Up to 17% of eligible voters are not listed on electoral registers by their correct address details, a report on their accuracy and completeness has revealed.
To tackle the problem, ministers must start exploiting the “reliable” sources of the information that other government databases hold, it recommends.
For example, when a motorist informs the Driver and Vehicle Licensing Agency (DVLA) of an address change for their driver’s licence, that data should be shared automatically to update the electoral roll.
Similarly, young people could be enrolled on to the register when they apply for a National Insurance card as they look for employment.
Crucially, younger people and private renters – who tend to vote Labour - were the most likely to be missing, or wrongly registered, the study found, potentially skewing election results.
Under 60% of private renters were found to be correctly signed up, compared to 91% who own their houses outright.

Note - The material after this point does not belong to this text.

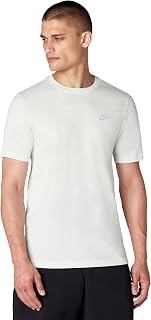 NIKE Men's M Nsw Tee Icon Futura T-Shirt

Only 71% of young people aged between 18 and 34 are accurately listed, far lower than the 94% of people aged 65 and over.
Sir John Holmes, the commission’s chairman, said: “Better use of public data could hold the key to modernising the electoral registration process.
“We know that when people move house, registering to vote may not be a priority.
“Giving electoral administrators access to reliable and trusted public data would help them more easily identify people who have moved and may be eligible to register to vote.
“Being able to change your electoral registration details whilst, for example, updating your driving licence could be another way of making it easier for people to ensure they are registered.”
At present, individuals are responsible for ensuring their details are up-to-date on the electoral register, with local authorities writing to citizens in between elections to check.
But automatic registration, such as the Commission has recommended, is already used in countries including Canada, Australia, Denmark and Germany – and the Labour Party is exploring the potential of switching to the system in the UK.
The commission’s data was collected via a house-to-house survey of 5,079 addresses across 127 local authority areas across Britain. More than one tenth of entries were found to be inaccurate, an issue affecting up to 5.6 million people.